Öffentlichkeitsarbeit und Präsentation
Die Ergebnisse der Arbeit sind in zwei Vorlesungen der SRH Berlin University of Applied Sciences eingeflossen. Außerdem wurden sie im dortigen Colloqium sowie in dem des Fraunhofer IWKS vorgestellt. Darüber hinaus wurde auf der von der DGM (Deutsche Gesellschaft für Materialkunde e. V.) organisierten Materials Week 2021 im Rahmen der Session Circular Materials ein Poster mit den wichtigsten Ergebnissen des Projektes präsentiert. Eine weitere Präsentation ist auf der Berliner Recycling- und Sekundärrohstoffkonferenz 2022 geplant.
Des Weiteren wird gerade eine Veröffentlichung zu den Projektergebnissen fertiggestellt. Diese soll bei der Zeitschrift Waste Management: International Journal of Integrated Waste Management, Science and Technology bis zum Jahresende 2021 eingereicht werden.
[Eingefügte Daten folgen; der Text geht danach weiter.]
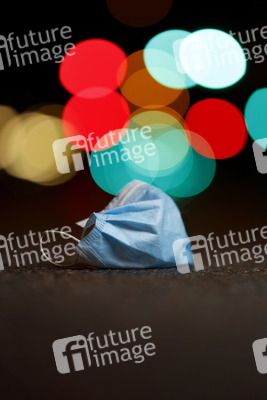 Symbolfoto Zweite Welle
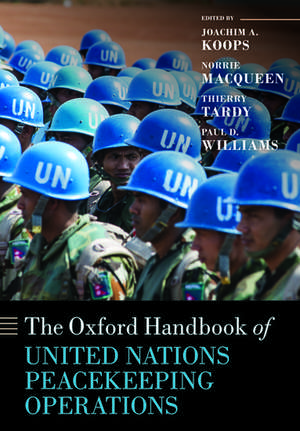 The Oxford Handbook of United Nations Peacekeeping Operations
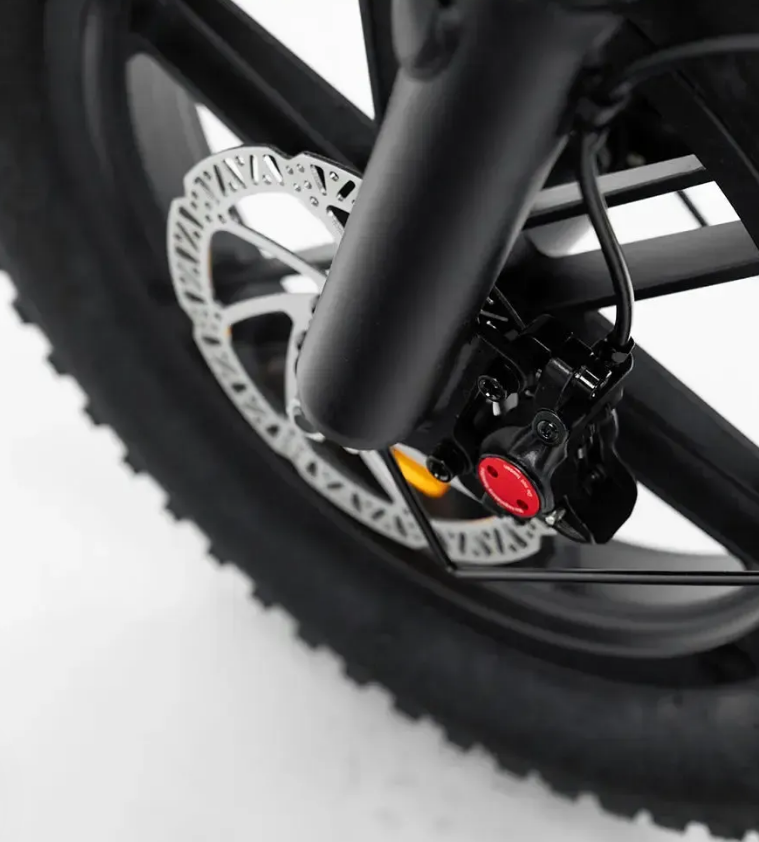 OUXI C80 MINI FATBIKE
Im Rahmen des Projektes wurde über den Austausch mit verschiedenen deutschen Akteuren in der PV- und PV-Recycling-Industrie für die Bekanntheit des Verfahrens gesorgt. Dieses sind u. a. Dr. Wambach (Mitbegründer von PC Cycle und Organisator der 38. Europäischen Konferenz und Ausstellung für Photovoltaische Solarenergie), Herr Liebscher (Meyer Burger Industries GmbH), Dr. Palitzsch (LuxChemtech GmbH) und Herr Heitmann (Vertreter der Reiling GmbH & Co. KG).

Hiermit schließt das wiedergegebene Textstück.